● EXERCISE REQUIREMENTS:
For this exercise, restate word for word only the lines from the one containing "Proofing is another" through the last line below. Pictures do not get copied.

● COLLECTED MATERIAL:
_ _ _

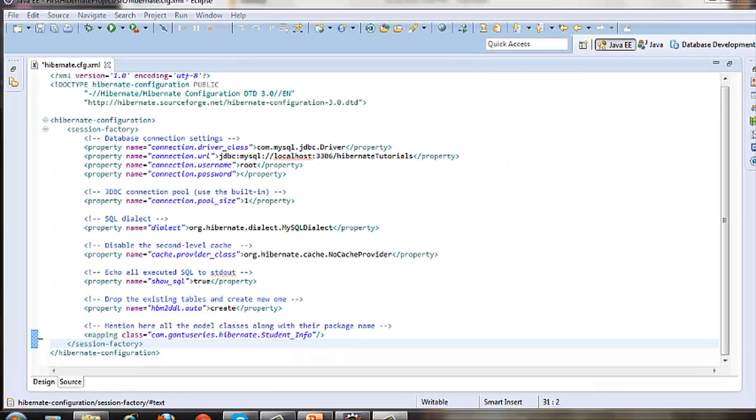In the next tutorial we would write the model class with annotations which will interact with the database for all the CRUD operations.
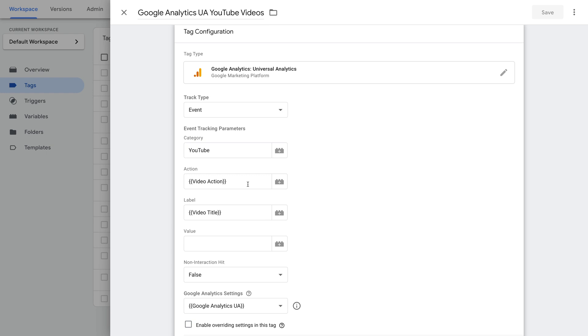If you'd like to walk through the exact steps to create this tag, I've included a link to my full tutorial in the description below this video.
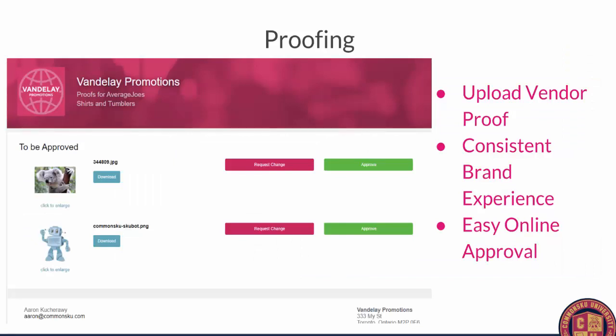Proofing is another feature we released — this was the big thing from the beginning of last year. You have the ability to download and then upload a vendor proof into CommonsQ. You can send that proof out to your client through CommonsQ and then the client can actually approve it through here as well. This allows you to create a more consistent branding experience. We keep it super simple for you and really simple for your clients so they can approve or request changes and you can continue to get things into production.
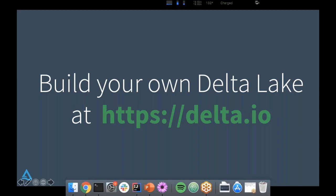What exactly is the Scala API for the DML commands like update?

_ _ _

● SOLUTION FOR THIS TASK:
Proofing is another feature we released — this was the big thing from the beginning of last year. You have the ability to download and then upload a vendor proof into CommonsQ. You can send that proof out to your client through CommonsQ and then the client can actually approve it through here as well. This allows you to create a more consistent branding experience. We keep it super simple for you and really simple for your clients so they can approve or request changes and you can continue to get things into production.
What exactly is the Scala API for the DML commands like update?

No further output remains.